Проба на излом - стр. 8
Я захлопнул папку и направился к Захер-Мазоху принимать имущество.
Оно сидело в процедурном кабинете – голое, скрюченное, дрожащее, зажав руки между тощими бедрами (как потом оказалось – обычная поза). Коротко и неумело обстриженное. Насквозь пропахшее карболкой.
Не купился на жалость. Жалость – последнее, что испытаешь перед тем, как зверек тебя уничтожит. Порукой тому – ведомственное кладбище. Каждому, кто там лежит, следует посмертно выносить выговор с занесением в личную карточку. За жалость и воспоследующие халатность и разгильдяйство.
Суть воспитания – воспитуй себя сам.
– Ознакомился? – поинтересовался Захер-Мазох с неизживным акцентом.
Необходимость приема парацельса и желательность привлечения «старшей сестры» для нивелировки расщепления сознания… Ага, как же! Обойдется без старшей сестры. А подругу я наметил. Стук, стук, стук, кто твой друг?
– Ознакомился, – отвечаю в тон.
– Последний пункт осмыслил?
– Угу. Только мы гипотез не измышляем и, тем более, ими не пользуемся. Вредно для оперативной работы, знаешь ли. Можно принимать имущество?

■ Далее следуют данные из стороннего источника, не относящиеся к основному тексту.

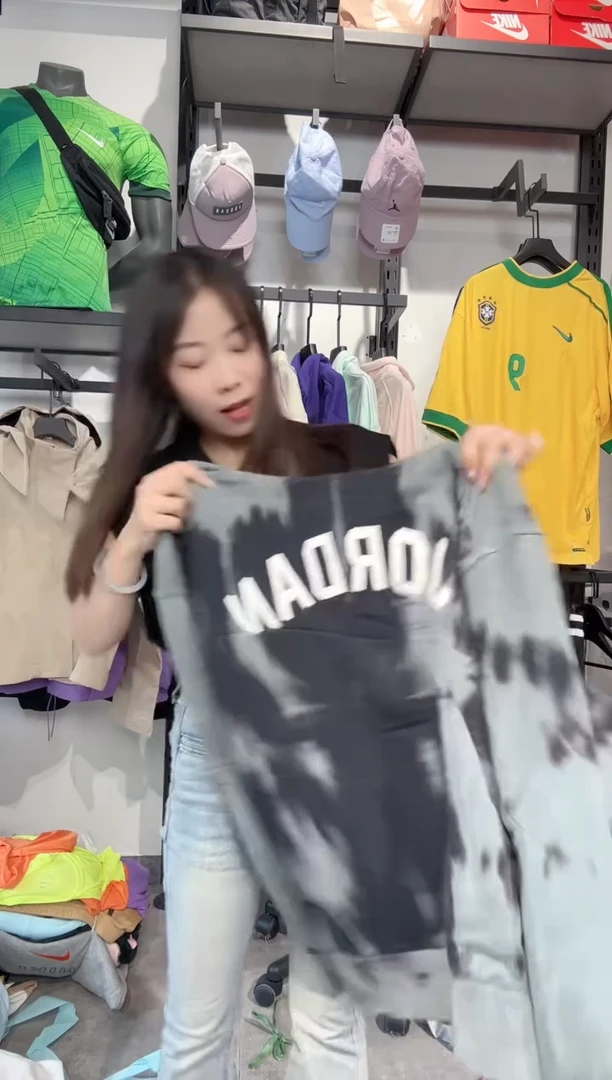 1240 编码 瑕疵款直播间过款为准 尺码2XL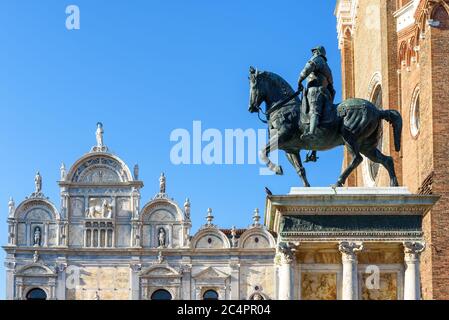 Statue von Bartolomeo Colleoni aus dem 15. Jahrhundert, Venedig, Italien. Renaissance-Denkmal auf dem Campo Santi Giovanni im Zentrum von Venedig. Der alte Platz von Venedig in Stockfoto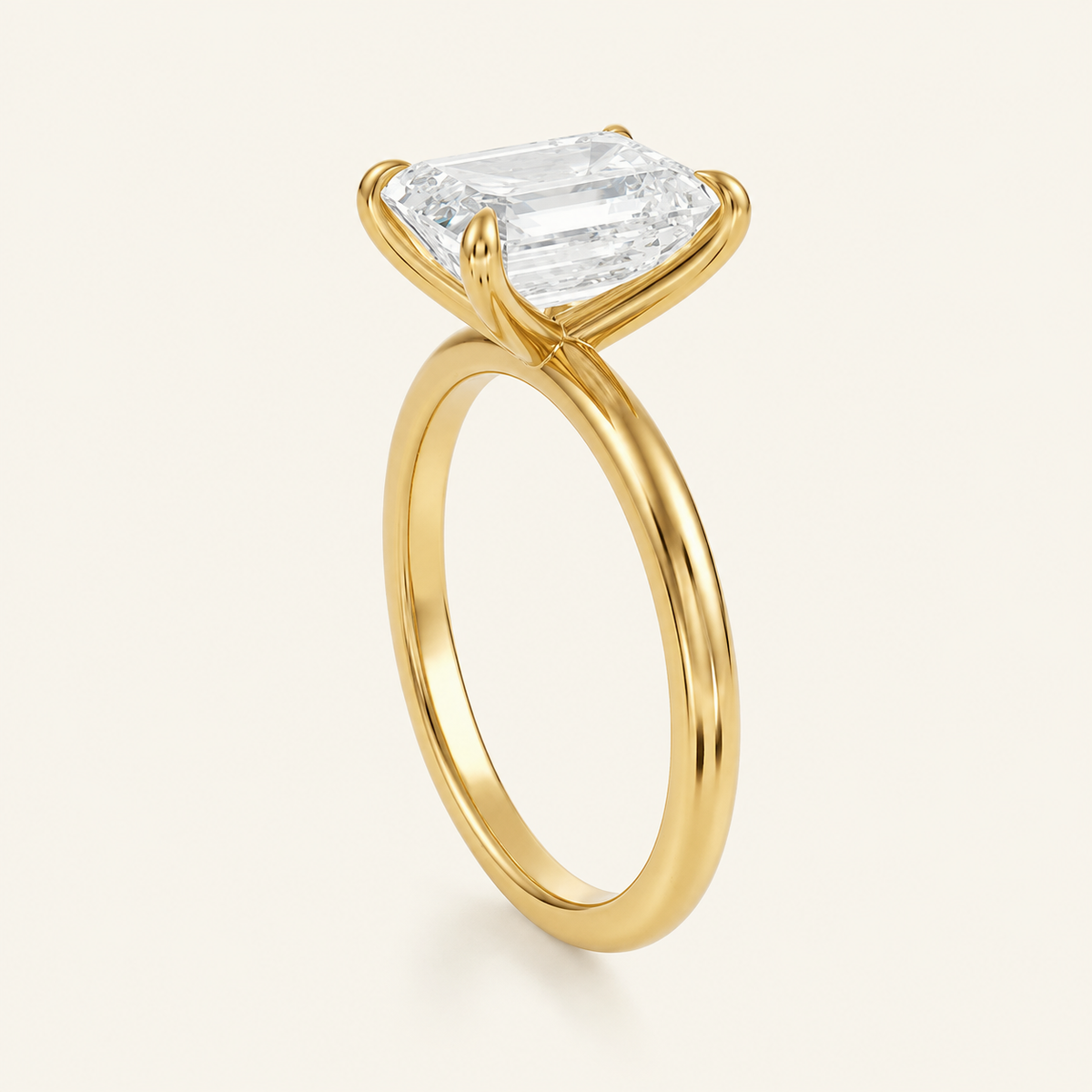 Anillo Solitario Clásico Diamante Esmeralda en oro amarillo, vista tres cuartos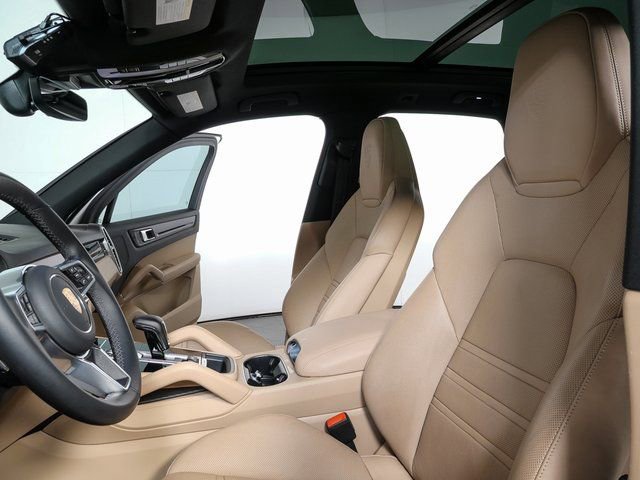 Used 2023 Porsche Cayenne image 5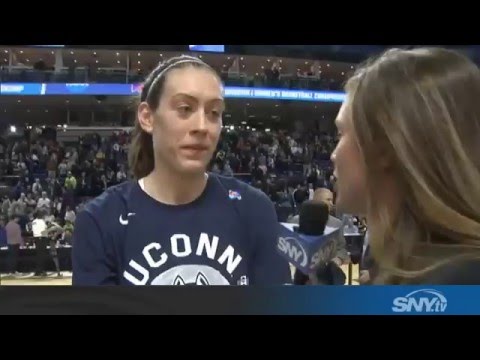 Breanna Stewart leads UConn to 9th straight Final Four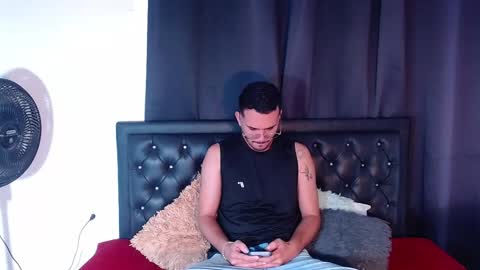 Adrian online show from October 12, 2025, 7:35 pm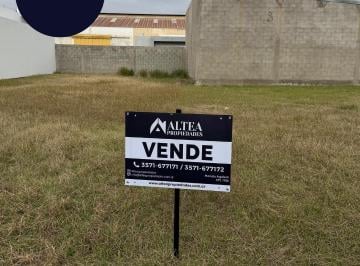 Terreno , Río Tercero · Terreno en Venta en Barrio Acuña - Rio Tercero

Захер-Мазох пододвигает мне опись:
– Принимай. Подопытный – подопытная, нужное подчеркнуть, одна штука.
– Постой-постой, – говорю, – товарищ Захер-Мазох, тело, как говорится, в наличии, душа тоже, вон, глаза лупают, а глаза – зеркало души, хотя мы, коммунисты, в поповские сказки и не верим.

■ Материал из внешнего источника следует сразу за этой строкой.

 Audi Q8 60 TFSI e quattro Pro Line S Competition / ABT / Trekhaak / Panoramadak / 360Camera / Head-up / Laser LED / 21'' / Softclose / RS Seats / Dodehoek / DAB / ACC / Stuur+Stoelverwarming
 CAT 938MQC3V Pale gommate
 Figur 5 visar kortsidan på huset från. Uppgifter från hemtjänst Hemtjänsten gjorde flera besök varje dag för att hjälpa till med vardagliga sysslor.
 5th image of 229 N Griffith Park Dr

– И напрасно, – бурчит товарищ Захер-Мазох.
– Бросьте ваши австрийские штучки, – стучу костяшкой по столу, – и подайте сюда все остальное, что полагается – трусы, майку, шапку-ушанку, валенки.
– У меня здесь не склад, – говорит Захер-Мазох. – Как привели, так и отдаю. Чужого не надо. У меня своих – целый букет.

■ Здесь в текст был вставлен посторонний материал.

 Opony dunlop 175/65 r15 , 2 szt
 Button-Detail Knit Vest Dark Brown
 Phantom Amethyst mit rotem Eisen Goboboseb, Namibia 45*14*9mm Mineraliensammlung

Я много чего повидал на своем веку, но такого не видывал. И не надо меня убеждать, что все это лишь видимость, что под оболочкой детеныша рода человеческого скрывается зверек, и зверек весьма опасный, которому протяни палец, он и руку отхватит. Но ведь, рассуждая диалектически, вполне могло сложиться и так, что на их эволюционном месте могли оказаться мы. Почитайте хоть Ефремова, хоть Казанцева, а лучше – прогрессивных американских фантастов. Поэтому вежливость, как говорится в известной комедии, – лучшее орудие оперуполномоченного.
Примерно в таком вот аспекте я и выложил австрияку плененному все, что думал о политике партии и народа в отношении воспитуемых и воспытуемых. Но австрияк не лыком шит. Нацистская закалка. Я бы таких к стенке, но Спецкомитет ценными специалистами не разбрасывается. Не мне обсуждать. Гуманизмом его не разжалобишь, хотя партийной дисциплиной, если не уточнять какого рода партию имеешь в виду, – вполне можно призвать к порядку.